L’enfant d’en haut
Directed by Ursula Meier
Written by Antoine Jaccoud & Ursula Meier
Starring Kacey Mottet Klien, Lea Seydoux, Gillian Anderson
Channeling the social anxieties of the Dardenne Brothers with a nod to the political posturing of ultra-realist Ken Loach, Ursula Meier’s second feature is a distanced, distracting fable on the modern family structure. Like her 2008 debut Home the simply titled Sister is another puzzling tale which is bruisingly ascetic in tone, an emotional neutered piece which slowly builds an arresting snapshot of lives in a codified and fragmented, unsecured and uncertain free-fall.
The impish twelve year old Simon (Klien) lives with his sister in a decrepit council block at the foot of a popular ski resort in the Swiss alps. With no adult parents in sight and bereft of cash Simon spends his days as a mirror of some modern day Dickensian figure of Alpine descent, pilfering the tourists jackets, coats and backpacks for food and cash, selling on the more affluent skiing gear to the local street level hucksters in an almost gentile, agreeable black market. His older sister Louise is an abrasive sort, working at menial service level jobs until her fiery demeanor gets her fired and she is forced onto the next short term contract, she spends her evening with local men of a loose and easy virtue and it is vaguely suggested that she may be hooking on the side. Incrementally the siblings back-story and predicament is drawn together and emotionally exposed, as their unsustainable predicament draws to an inevitable conclusion.
Following the usual vérité conventions – naturalistic performances, a sparsly obtuse soundtrack, an emphasis on social conditions and economic – Sister is a fine if rather chilly observation of the lives of people who operate at the margins of society. The drip feed of the drama slowly uncovering the history of Simon and Louise’s predicament is dexterously handled with empathic revelations being buried deep into the films fiscally appropriate run-time, with a focus on the players internal lives and muddied history providing the requisite interest as a overlooked underclass strives for survival in a economically partitioned estate.
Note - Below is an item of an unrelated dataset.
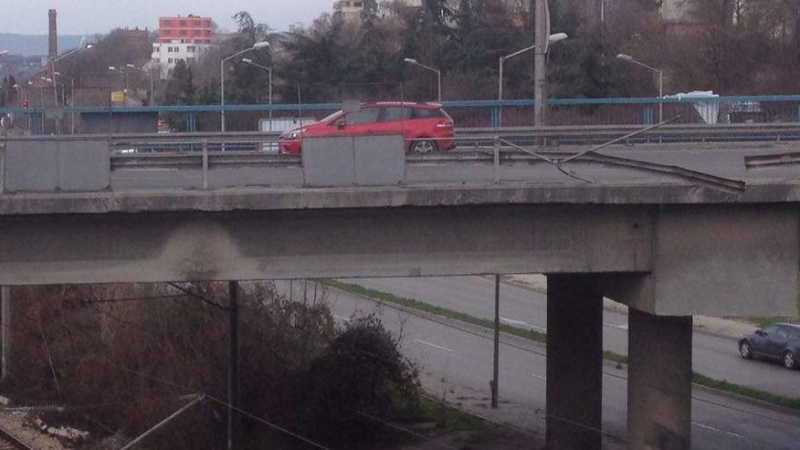 Жестока катастрофа във Варна на входа на Аспарухов мост! (СНИМКИ)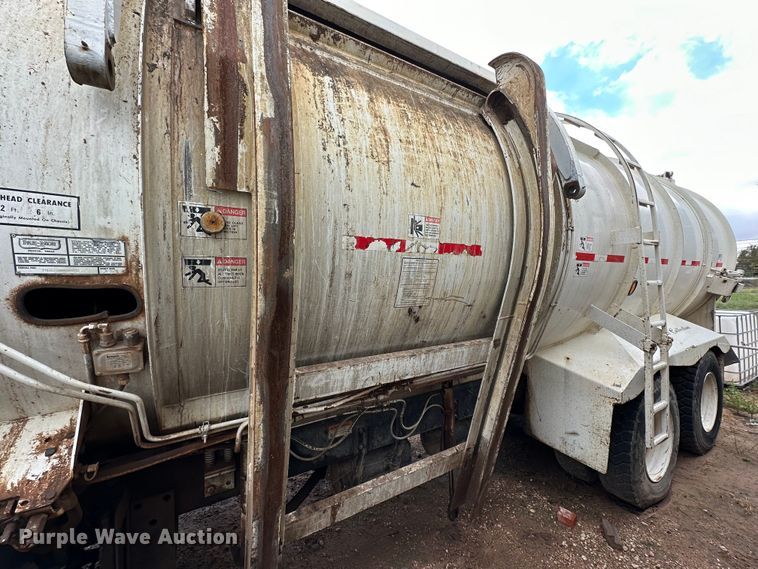 image for item DK2531 2012 Freightliner M2 106  refuse truck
The central urchins unassuming performance makes one understand if not entirely sympathise with his thieving ways, and his desire for warmth in a functioning family context is discreetly revealed through an acquaintance desperately made with a English tourist and her two kids, played with an affable realism by Gillian Anderson. The chilly alpine locale and clear situational metaphor of the haves and have-nots is expressed through geographical establishing visions, counterpoising the rambling hand to mouth existence of societies overlooked and forgotten with an aloof, alienated middle class at play. With a complex central relationship and faintly mystifying, unresolved ending Sister is a rewarding and mysterious entry to this years London Film Festival.